Publié le par Alexandre Anizy

Devant la Commission BALLADUR, le Secrétaire d’Etat aux Affaires Européennes Jean-Pierre JOUYET (vous savez bien, l’énarque ami de 30 ans du « couple » HOLLANDE ROYAL, un Gracque 40 qui se prétendait socialiste) a préconisé une réforme : supprimer l’obligation du référendum pour toute nouvelle adhésion d’un pays à l’Union Européenne.

Ainsi, il faut croire que pour le sieur JOUYET, le peuple ne doit pas être souverain pour ce genre de choses : ils s’arrangent si bien entre eux à Bruxelles et ailleurs, les eurocrates.

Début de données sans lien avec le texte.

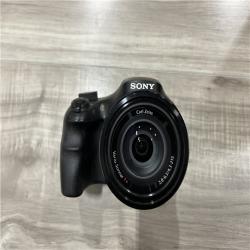 AS-IS Sony DSC-HX300/B Black 20.4MP Digital Camera with 50x Opt. Zoom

Nous sommes même convaincus qu’ils se voient comme l’avant-garde de la communauté européenne, qui doit éduquer les peuples qui n’auraient pas compris que le mal qu’on leur fait est pour leur bien…

JOUYET, un gracque 40 de la gauche défaite, n’est pas démocrate mais républicain (voir notre note « la haine de la démocratie » du 29 mai 2007).

Bien sûr, il s’exprimait à titre personnel, mais après avoir obtenu le feu vert de l’Elysée : une sorte de liberté accordée par le maître.

Comme la France a accepté que les négociations avec la Turquie pour son adhésion à l’Union Européenne s’ouvrent en cette fin d’année, cette salve tirée sur la souveraineté du peuple en la matière nous indique que l’oligarchie française trouvera au moment opportun la formule qui la libérera de toutes les entraves constitutionnelles et démocratiques.
L’oligarchie européenne veut la Turquie dans son espace économique : elle l’aura. Le reste n’est que promesse électorale printanière vite oubliée.

Les promesses n’engagent que ceux qui les écoutent.